Theory of Hallucinations based on Equivariance
This work addresses hallucinations in language models, which is a critical issue for AI reliability, but it appears incremental as it builds on existing equivariance concepts and T5 models.
The study tackled the problem of hallucinations in large language models by hypothesizing that understanding real-world social relationships is key, and proposed using equivariant models to measure and improve this understanding. It introduced a hallucination scale based on a specialized cross-entropy error function, tested character-level equivariance with a T5-based technique, and discovered scale laws to aid in developing hallucination-free models.

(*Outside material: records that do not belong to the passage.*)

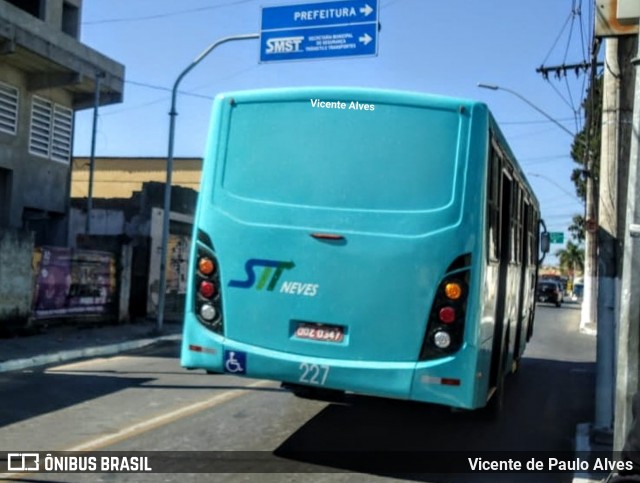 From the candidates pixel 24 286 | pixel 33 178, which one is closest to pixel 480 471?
pixel 24 286

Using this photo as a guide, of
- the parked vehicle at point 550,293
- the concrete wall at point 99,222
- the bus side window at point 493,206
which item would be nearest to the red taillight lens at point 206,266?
the bus side window at point 493,206

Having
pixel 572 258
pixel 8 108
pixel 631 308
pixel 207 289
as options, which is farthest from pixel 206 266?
pixel 572 258

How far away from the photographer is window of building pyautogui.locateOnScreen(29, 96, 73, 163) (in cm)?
2105

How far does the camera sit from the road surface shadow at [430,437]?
20.8 ft

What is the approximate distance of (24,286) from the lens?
1470cm

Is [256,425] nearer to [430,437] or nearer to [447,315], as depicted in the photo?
[430,437]

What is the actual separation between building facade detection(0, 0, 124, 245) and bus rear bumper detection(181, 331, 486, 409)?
Answer: 44.5 feet

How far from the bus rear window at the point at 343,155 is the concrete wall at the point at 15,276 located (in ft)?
30.9

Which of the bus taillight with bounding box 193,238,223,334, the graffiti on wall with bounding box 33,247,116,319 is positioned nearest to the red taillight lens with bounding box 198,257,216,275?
the bus taillight with bounding box 193,238,223,334

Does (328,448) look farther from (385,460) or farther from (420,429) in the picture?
(420,429)

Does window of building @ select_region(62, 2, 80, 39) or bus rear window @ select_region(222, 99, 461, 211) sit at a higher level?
window of building @ select_region(62, 2, 80, 39)

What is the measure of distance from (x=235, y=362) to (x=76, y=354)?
25.8 ft

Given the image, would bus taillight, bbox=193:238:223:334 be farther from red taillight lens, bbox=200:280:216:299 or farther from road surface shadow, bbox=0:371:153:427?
road surface shadow, bbox=0:371:153:427

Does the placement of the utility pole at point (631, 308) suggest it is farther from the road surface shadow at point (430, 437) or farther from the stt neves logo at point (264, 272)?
the stt neves logo at point (264, 272) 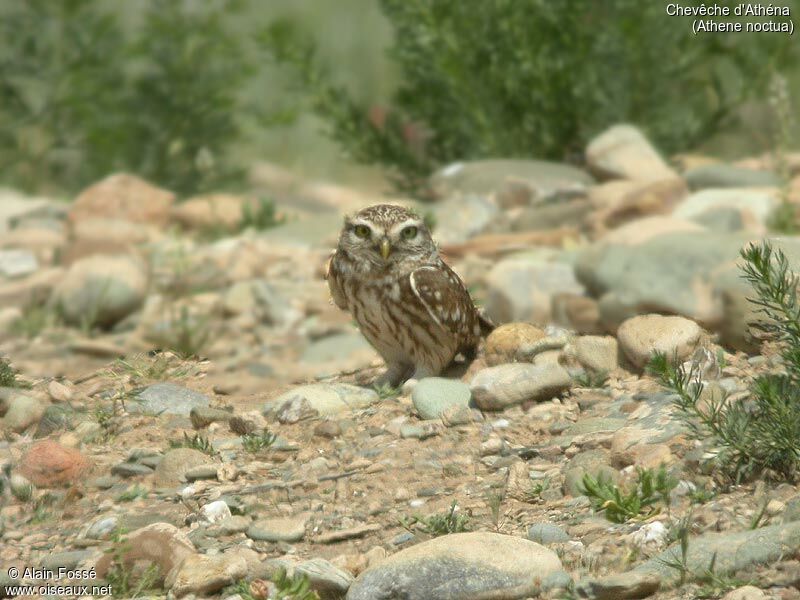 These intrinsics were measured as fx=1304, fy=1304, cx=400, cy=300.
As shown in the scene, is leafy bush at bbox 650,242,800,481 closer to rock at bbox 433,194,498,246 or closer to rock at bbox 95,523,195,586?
rock at bbox 95,523,195,586

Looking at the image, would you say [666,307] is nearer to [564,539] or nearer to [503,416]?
[503,416]

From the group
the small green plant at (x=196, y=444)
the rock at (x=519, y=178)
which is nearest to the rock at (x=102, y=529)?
the small green plant at (x=196, y=444)

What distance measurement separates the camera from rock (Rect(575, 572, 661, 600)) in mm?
3461

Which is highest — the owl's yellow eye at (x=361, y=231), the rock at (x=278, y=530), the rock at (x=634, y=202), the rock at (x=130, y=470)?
the owl's yellow eye at (x=361, y=231)

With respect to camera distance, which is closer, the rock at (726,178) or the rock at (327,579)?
the rock at (327,579)

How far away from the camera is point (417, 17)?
1038cm

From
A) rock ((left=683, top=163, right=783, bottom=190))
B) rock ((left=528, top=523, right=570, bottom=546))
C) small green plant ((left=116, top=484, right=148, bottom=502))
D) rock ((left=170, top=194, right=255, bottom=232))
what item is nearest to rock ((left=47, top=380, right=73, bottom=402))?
small green plant ((left=116, top=484, right=148, bottom=502))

This study aims to acquire knowledge for creating very large language models that are immune to hallucinations. Hallucinations in contemporary large language models are often attributed to a misunderstanding of real-world social relationships. Therefore, I hypothesize that very large language models capable of thoroughly grasping all these relationships will be free from hallucinations. Additionally, I propose that certain types of equivariant language models are adept at learning and understanding these relationships. Building on this, I have developed a specialized cross-entropy error function to create a hallucination scale for language models, which measures their extent of equivariance acquisition. Utilizing this scale, I tested language models for their ability to acquire character-level equivariance. In particular, I introduce and employ a novel technique based on T5 (Text To Text Transfer Transformer) that efficiently understands permuted input texts without the need for explicit dictionaries to convert token IDs (integers) to texts (strings). This T5 model demonstrated a moderate ability to acquire character-level equivariance. Additionally, I discovered scale laws that can aid in developing hallucination-free language models at the character level. This methodology can be extended to assess equivariance acquisition at the word level, paving the way for very large language models that can comprehensively understand relationships and, consequently, avoid hallucinations.